Autre interrogation: la création audiovisuelle. Malgré «un système d'aides unique», les «résultats d'audience des productions nationales sont parmi les plus faibles d'Europe», note la cour. Les audiences de la fiction française restent toujours très inférieures à la fiction américaine.

Une trésorerie de 800 millions pas vraiment justifiée
A quoi servent les 800 millions d'euros de trésorerie? C'est la principale interrogation de Philippe Marini. Eric Garandeau a indiqué que 550 millions d'euros était «gelés», car c'était les sommes qui pouvaient être réclamées à tout moment par les producteurs, les distributeurs, les exploitants. Ceux qui peuvent y prétendre ont de 1 à 5 ans pour les réclamer. «Leurs comportements sont impossibles à prévoir», a justifié Eric Garandeau. «C'est comme si un assureur n'avait pas de modèle d'écoulement de ses provisions. Il ferait faillite!», s'est emporté Patrick Lefas, président de Chambre à la Cour des Compte. Philippe Marini a aussi critiqué la «réserve» de 250 millions d'euros destinée à numériser les ?uvres et les salles. «Tous les élus locaux de France et de Navarre tiennent à leur salle comme à la prunelle de leurs yeux. Il ne faut pas trop les instrumentaliser», a rétorqué le sénateur. Globalement, c'est la méthodologie de provision du CNC qui fait tiquer Philippe Marini. «Si on appliquait votre méthode CNC au patrimoine de l'Etat, il faudrait provisionner 10 milliards d'euros!».

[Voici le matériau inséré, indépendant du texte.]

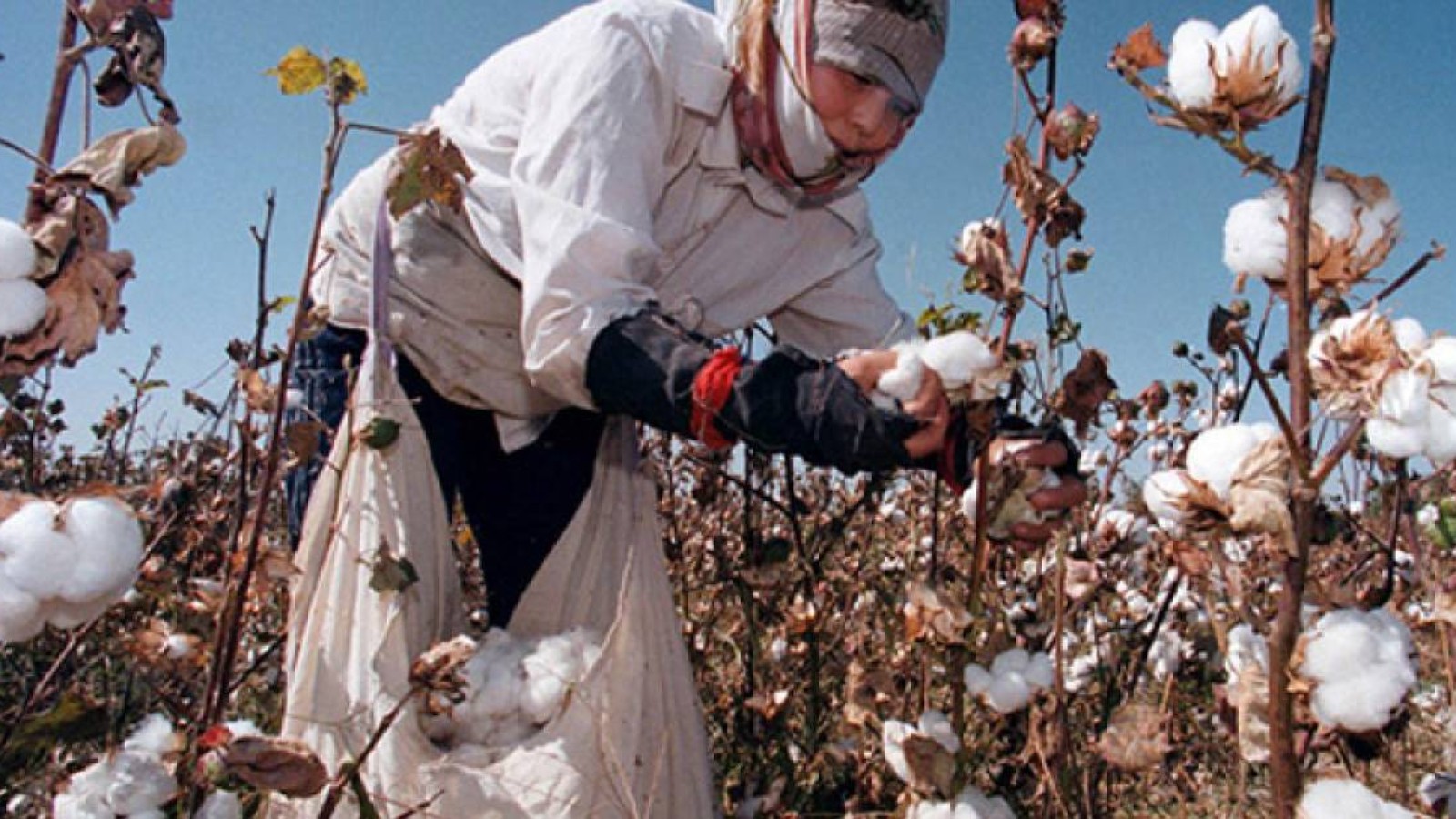 Жетісайда 200-ге тарта шаруа мақтаның ақшасын ала алмай жүр.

Une capacité d'autofinancement en très forte hausse
En dépit de provisions visiblement gonflées, le CNC dégage une très confortable capacité d'autofinancement: 134 millions d'euros en 2011, contre 21 millions en 2007! «L'augmentation des recettes a été bien plus dynamique que le rythme de constitution des dotations aux provisions», note la Cour.

Une gestion critiquée
D'autant que le CNC, qui n'a «pas contrat de performance», et dont le président n'a pas de «lettre de mission», ne fait pas preuve d'une gestion exemplaire: les frais de gestion ont fait un bond de 43% entre 2007 et 2011 à 60,9 millions d'euros, un niveau élevé par rapport aux besoins. La masse salariale a également progressé de 12% en 5 ans, notamment en raison de «la progression des traitements».

Partager les surplus
Pour remédier à ces problèmes, la Cour des comptes suggèrent trois pistes de réflexion. La première consisterait à «piloter le CNC par la dépense et non par la recette». Autrement dit, il s'agirait d'abord de déterminer les besoins pour la création, puis les recettes, et non l'inverse. Le CNC suggère aussi de créer un plafond de dépense, de mettre en place des «écrêtements ciblés», qui pourrait le conduire à octroyer le surplus de recettes à d'autres activités. Troisième voie, la Cour des comptes conseille de «budgétiser une partie de taxe distributeurs (sur les FAI)».